| What you will do |
Your answer must contain only the lines from the one containing "Building Photo - 15821 E Wind Cir" through the end of the entries below, reproduced character for character.

| Caption-style text data |
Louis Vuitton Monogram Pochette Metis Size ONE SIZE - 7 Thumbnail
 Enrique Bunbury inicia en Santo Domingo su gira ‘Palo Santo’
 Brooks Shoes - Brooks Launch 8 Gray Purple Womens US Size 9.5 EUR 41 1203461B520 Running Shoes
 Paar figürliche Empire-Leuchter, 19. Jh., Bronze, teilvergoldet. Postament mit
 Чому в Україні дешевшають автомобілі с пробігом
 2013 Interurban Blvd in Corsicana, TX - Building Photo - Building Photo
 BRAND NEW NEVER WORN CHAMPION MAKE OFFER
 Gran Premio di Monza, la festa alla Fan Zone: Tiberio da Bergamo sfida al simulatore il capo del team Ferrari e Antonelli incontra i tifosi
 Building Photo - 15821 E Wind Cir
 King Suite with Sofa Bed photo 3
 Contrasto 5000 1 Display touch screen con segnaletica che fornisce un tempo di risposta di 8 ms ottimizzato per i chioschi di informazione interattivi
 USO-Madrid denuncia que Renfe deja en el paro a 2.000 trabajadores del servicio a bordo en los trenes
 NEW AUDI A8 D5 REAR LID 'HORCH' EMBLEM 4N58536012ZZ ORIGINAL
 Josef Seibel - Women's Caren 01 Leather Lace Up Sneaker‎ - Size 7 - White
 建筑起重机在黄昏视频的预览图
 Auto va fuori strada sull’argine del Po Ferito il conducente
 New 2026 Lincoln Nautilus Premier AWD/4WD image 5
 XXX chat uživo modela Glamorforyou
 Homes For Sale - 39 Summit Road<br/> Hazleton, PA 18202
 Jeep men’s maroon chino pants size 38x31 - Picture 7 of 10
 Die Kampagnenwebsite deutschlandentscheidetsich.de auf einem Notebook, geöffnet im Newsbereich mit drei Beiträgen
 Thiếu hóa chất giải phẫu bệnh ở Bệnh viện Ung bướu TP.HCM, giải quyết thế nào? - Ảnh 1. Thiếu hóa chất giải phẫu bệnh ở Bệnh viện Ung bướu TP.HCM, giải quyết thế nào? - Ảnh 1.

| Problem solution |
 Building Photo - 15821 E Wind Cir
 King Suite with Sofa Bed photo 3
 Contrasto 5000 1 Display touch screen con segnaletica che fornisce un tempo di risposta di 8 ms ottimizzato per i chioschi di informazione interattivi
 USO-Madrid denuncia que Renfe deja en el paro a 2.000 trabajadores del servicio a bordo en los trenes
 NEW AUDI A8 D5 REAR LID 'HORCH' EMBLEM 4N58536012ZZ ORIGINAL
 Josef Seibel - Women's Caren 01 Leather Lace Up Sneaker‎ - Size 7 - White
 建筑起重机在黄昏视频的预览图
 Auto va fuori strada sull’argine del Po Ferito il conducente
 New 2026 Lincoln Nautilus Premier AWD/4WD image 5
 XXX chat uživo modela Glamorforyou
 Homes For Sale - 39 Summit Road<br/> Hazleton, PA 18202
 Jeep men’s maroon chino pants size 38x31 - Picture 7 of 10
 Die Kampagnenwebsite deutschlandentscheidetsich.de auf einem Notebook, geöffnet im Newsbereich mit drei Beiträgen
 Thiếu hóa chất giải phẫu bệnh ở Bệnh viện Ung bướu TP.HCM, giải quyết thế nào? - Ảnh 1. Thiếu hóa chất giải phẫu bệnh ở Bệnh viện Ung bướu TP.HCM, giải quyết thế nào? - Ảnh 1.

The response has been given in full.